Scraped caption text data
=====

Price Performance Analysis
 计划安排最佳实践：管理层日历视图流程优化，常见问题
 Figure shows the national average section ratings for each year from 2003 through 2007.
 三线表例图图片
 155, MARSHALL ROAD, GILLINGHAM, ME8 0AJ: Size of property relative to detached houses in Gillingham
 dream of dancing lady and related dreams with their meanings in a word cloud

=====

## Work to complete:
Repeat back the data above, exact to the last character.

## Result for this task:
Price Performance Analysis
 计划安排最佳实践：管理层日历视图流程优化，常见问题
 Figure shows the national average section ratings for each year from 2003 through 2007.
 三线表例图图片
 155, MARSHALL ROAD, GILLINGHAM, ME8 0AJ: Size of property relative to detached houses in Gillingham
 dream of dancing lady and related dreams with their meanings in a word cloud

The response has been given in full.